Task item: Copy the entries word for word. Keep the pictures out.

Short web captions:
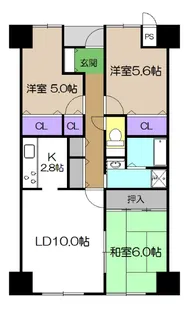 3LDKの間取り画像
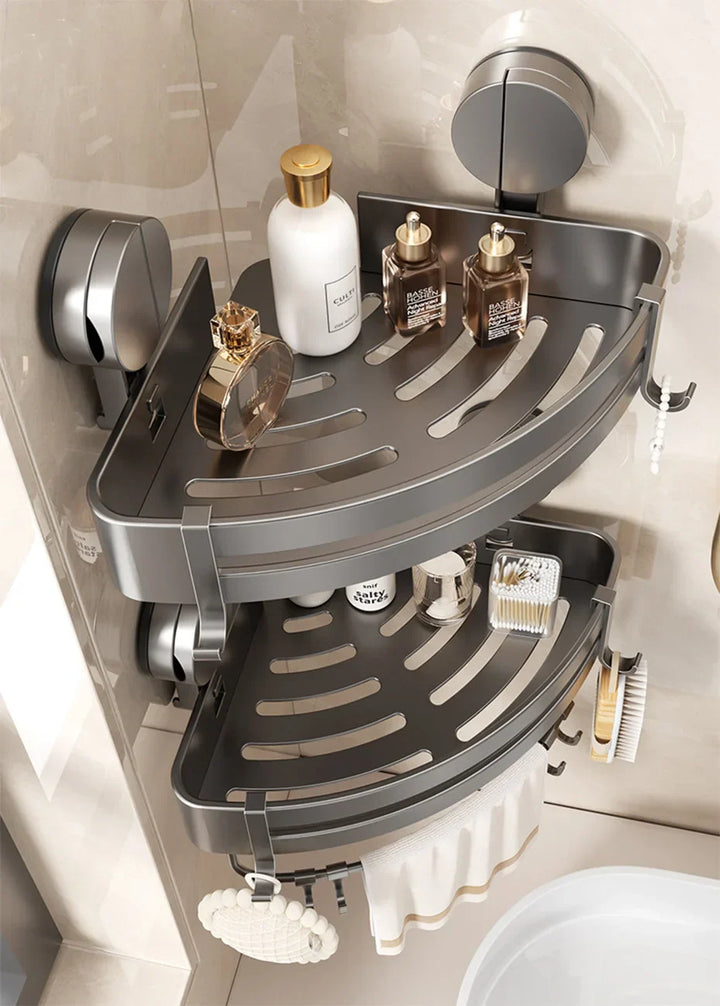 AquaGrip – Luxury Suction Cup Bath Shelf without Drilling Bowlift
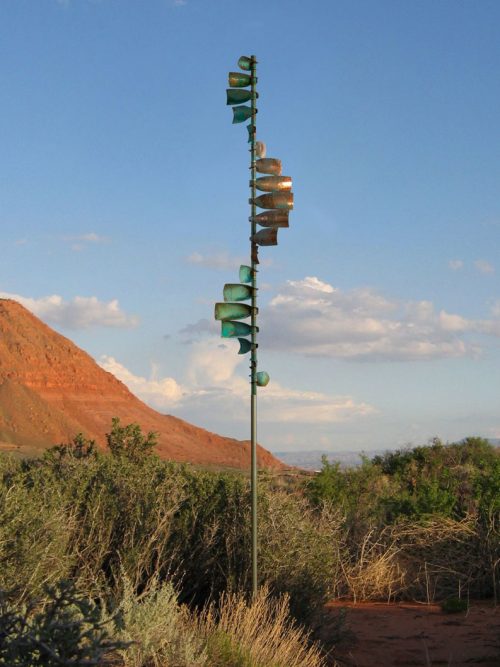 Wave Wind Sculpture by Lyman Whitaker.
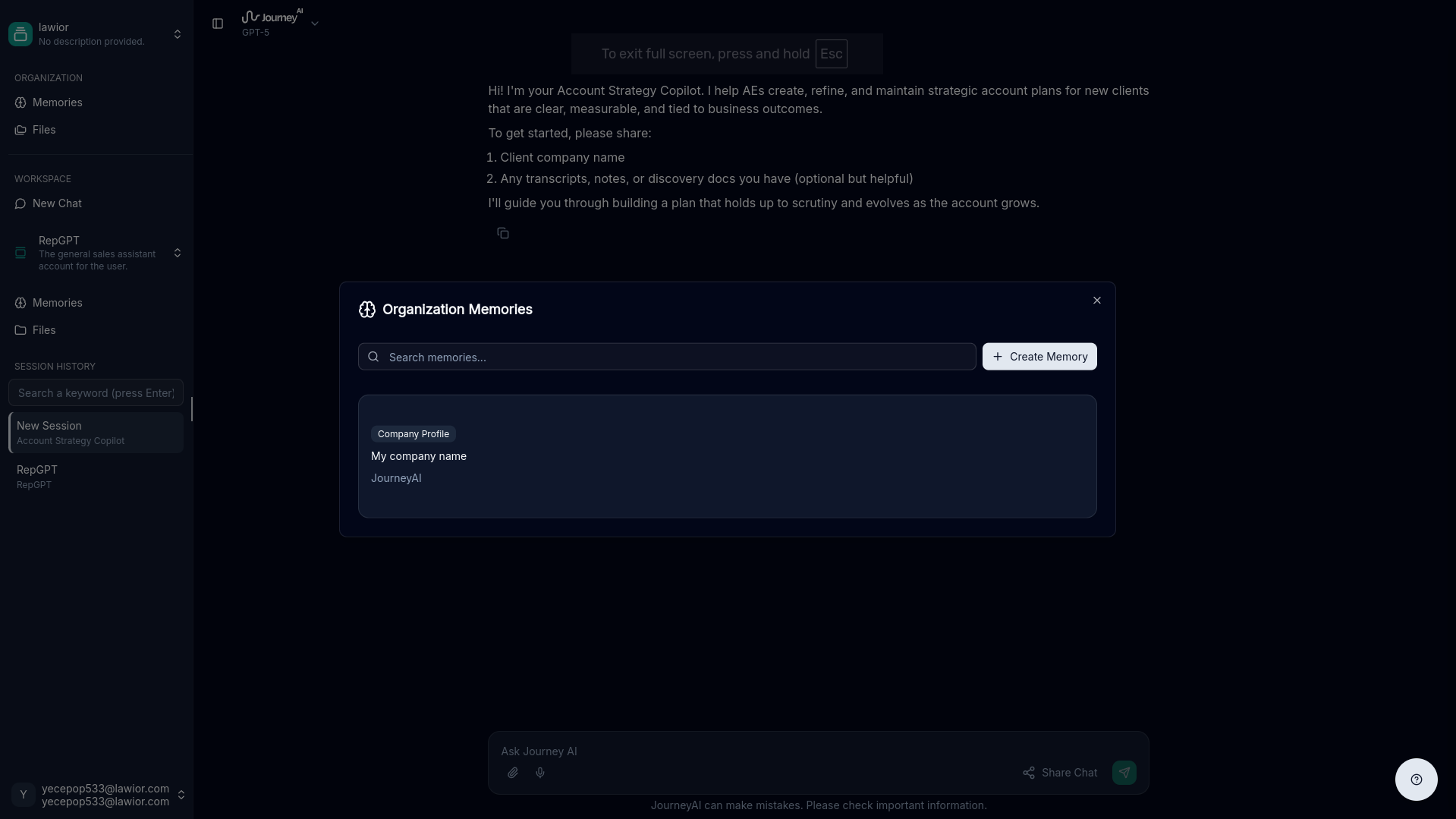 Session Snapshots & Forking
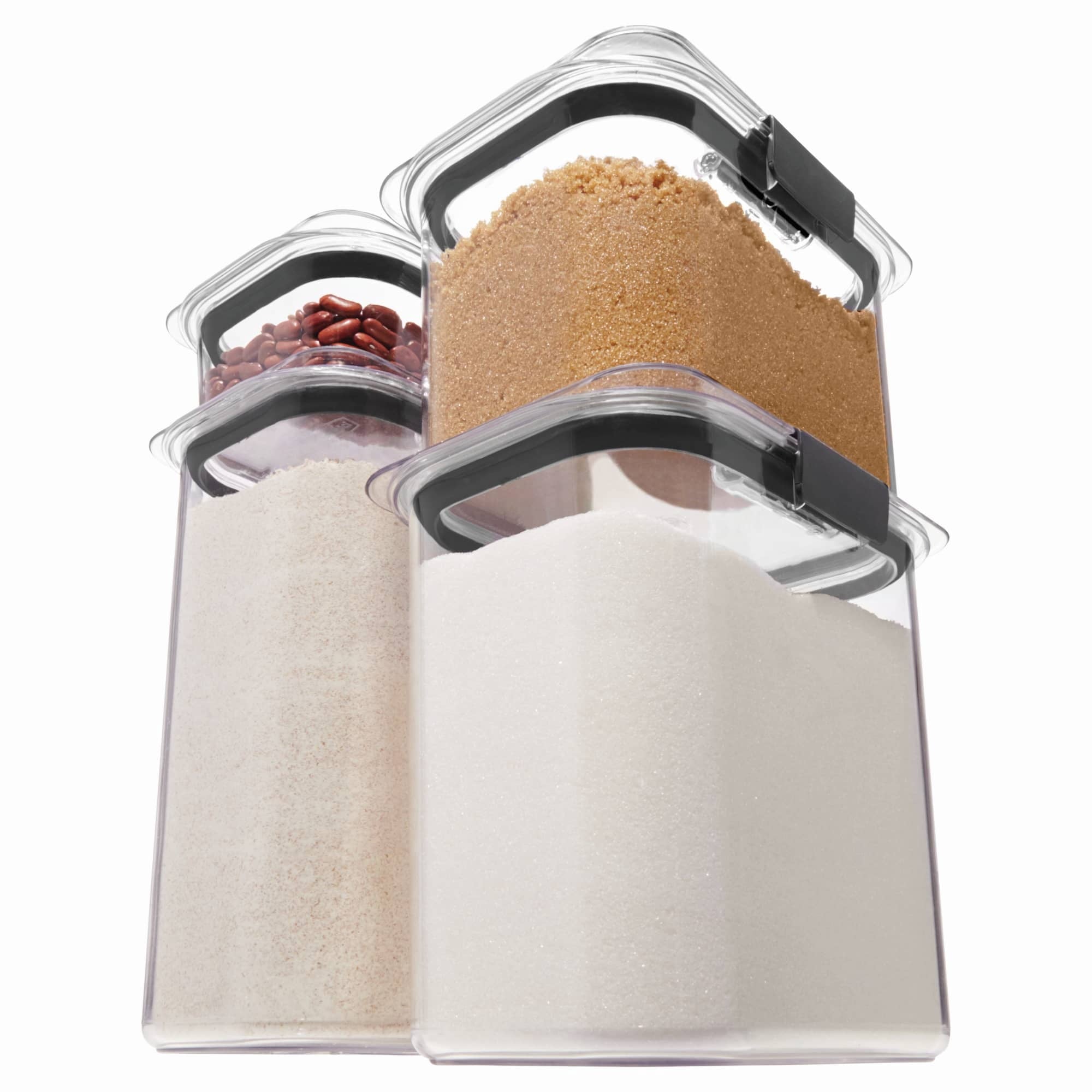 Airtight Pantry Food Storage 8-Pc Set, 2.8 Qt, Dishwasher Safe - Image 3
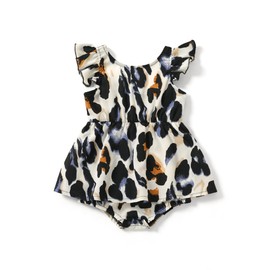 PATPAT Mother Daughter Jumpsuit Set - Matching Summer Outfit for Mum, Daughter & Baby, Family Outfit Summer, Comfortable Onesie for Mother & Daughter, Perfect for Holiday, Photo Shoot, Leisure, black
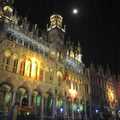The Hôtel de Ville is all lit up, The Christmas Markets of Brussels, Belgium - 1st January 2007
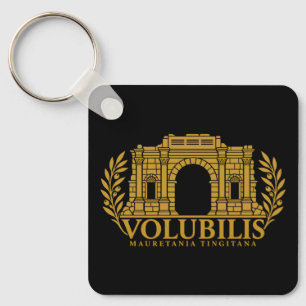 Volubilis Arch of Caracalla Roman Gold Emblem Keychain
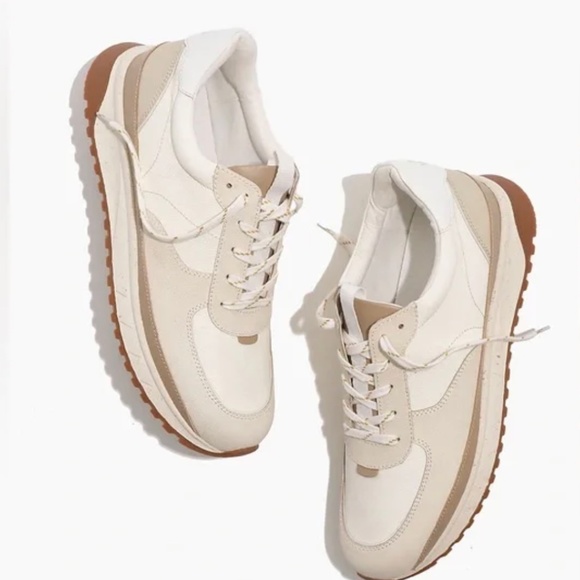Madewell Shoes - Madewell Kickoff Trainer Sneakers in Neutral Colorblock Leather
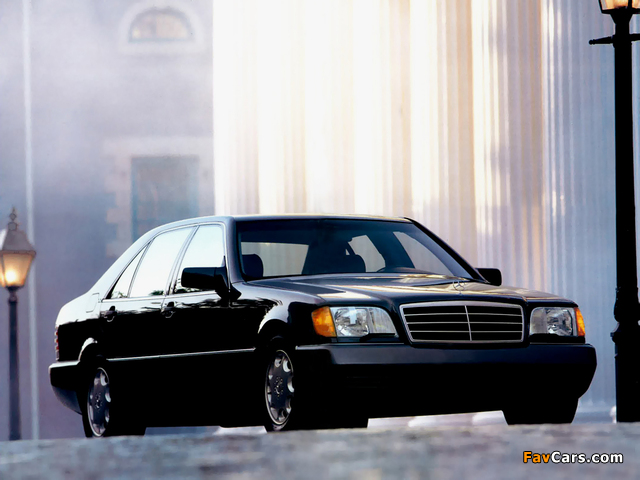 Pictures of Mercedes-Benz 600 SEL US-spec (W140) 1991–92 (640 x 480)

Completed exercise:
 3LDKの間取り画像
 AquaGrip – Luxury Suction Cup Bath Shelf without Drilling Bowlift
 Wave Wind Sculpture by Lyman Whitaker.
 Session Snapshots & Forking
 Airtight Pantry Food Storage 8-Pc Set, 2.8 Qt, Dishwasher Safe - Image 3
 PATPAT Mother Daughter Jumpsuit Set - Matching Summer Outfit for Mum, Daughter & Baby, Family Outfit Summer, Comfortable Onesie for Mother & Daughter, Perfect for Holiday, Photo Shoot, Leisure, black
The Hôtel de Ville is all lit up, The Christmas Markets of Brussels, Belgium - 1st January 2007
 Volubilis Arch of Caracalla Roman Gold Emblem Keychain
Madewell Shoes - Madewell Kickoff Trainer Sneakers in Neutral Colorblock Leather
 Pictures of Mercedes-Benz 600 SEL US-spec (W140) 1991–92 (640 x 480)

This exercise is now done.